Weisenthal survived the Holocaust and gained fame as a “Nazi hunter.” The Sunflower tells of his being summoned to the bedside of a dying Nazi soldier while a prisoner in a concentration camp where the soldier confessed his deeds and asked for forgiveness. Weisenthal offered only silence. Soon afterward, he questioned his response, and in fact, ends his section of the book by placing the reader in his place and posing the heart-wrenching question, “What would I have done?” The rest of the book shares answers to the penetrating question from fifty-three people around the world, from the Dalai Lama to Desmond Tutu.

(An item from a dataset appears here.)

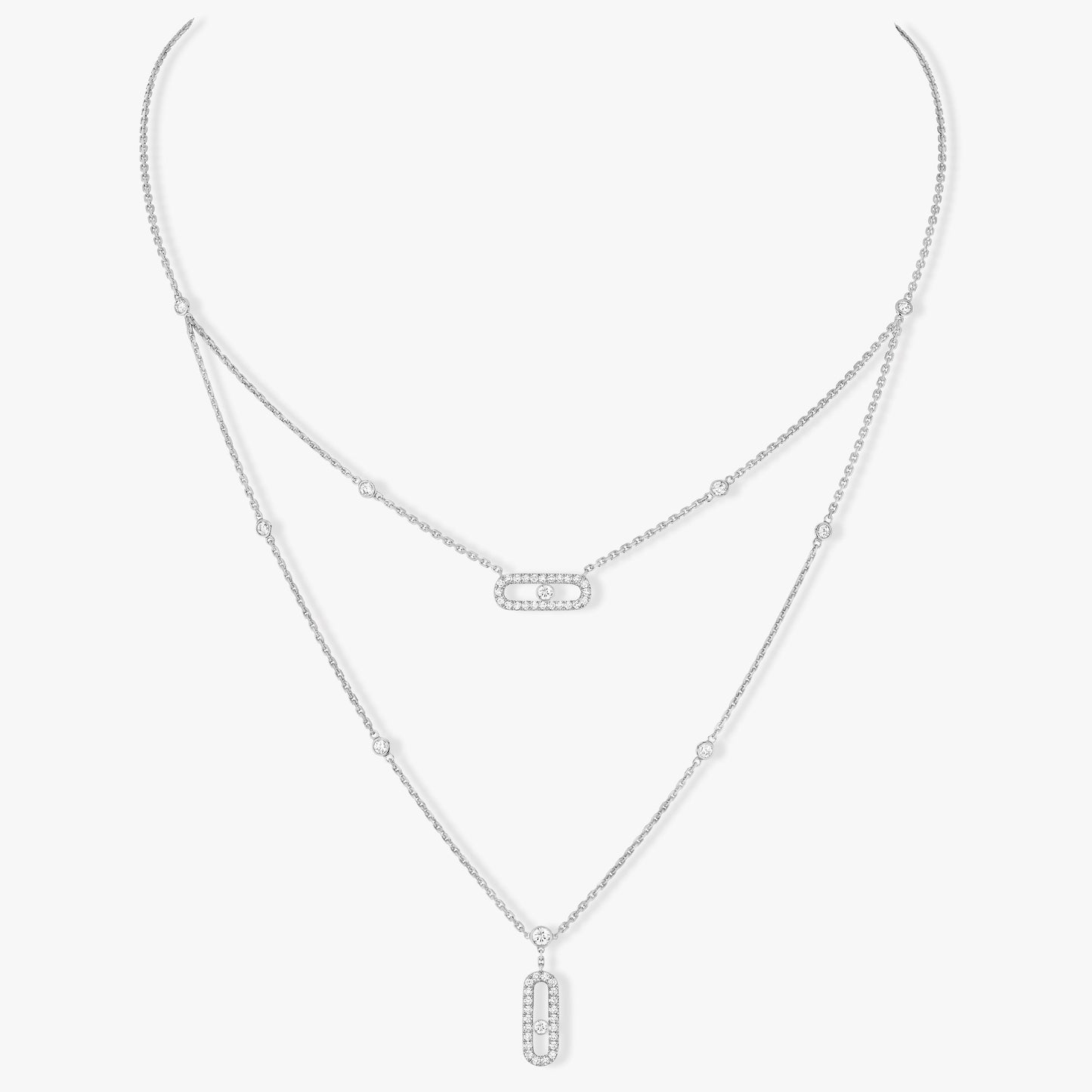 [Glow Jewelry]MOVE 2 ROW DIAMOND NECKLACE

Two days after finishing the book, I finally visited the Museum of Tolerance in L.A. and didn’t know whether to be amazed or embarrassed to notice that it was described as “A Simon Weisenthal Center Museum.” Um, perfect timing? Although it addresses a variety of topics, the heart of the Museum is the Holocaust Exhibit that guides visitors through the development of Nazi Germany and the terrible atrocities that followed. It was sadly fascinating to learn that the Nazis began as a few guys sharing burgers in a beer joint, but what struck me most was the statement that this humble beginning grew to such perplexing power to influence fellow citizens to carry out unspeakable acts because they “exploited hopelessness.”
Well, my first inclination was far too easy: Write a blog lamenting how terrible it is to exploit hopelessness and title it, Exude Hopefulness. But there’s a problem. Exuding hopefulness is exactly how you exploit hopelessness. Promise hopeless folks better days ahead. That’s exactly what the Democrats, Republicans, Libertarians, Greens, and lots of other folks are doing at this very moment.
Hopeless people have to be wary, I guess, but I suspect that wariness is not high on the to-do list of hopeless people.
So, for the sake of the world, I have two thoughts to offer instead.
First, remain hopeful. You. Don’t tell others to be hopeful. You remain hopeful yourself. Losing hope is too dangerous, and we are susceptible to such terrible things.
Second, remove the reasons others are hopeless. Actions over words. Hopelessness is not to be used. It is to be subverted. Love people. Seek justice. Feed hungry folks. Give someone a job. Volunteer your time and your money.
Humanity is both capable of and susceptible to terrible things. But wow, the possibilities for good are limitless.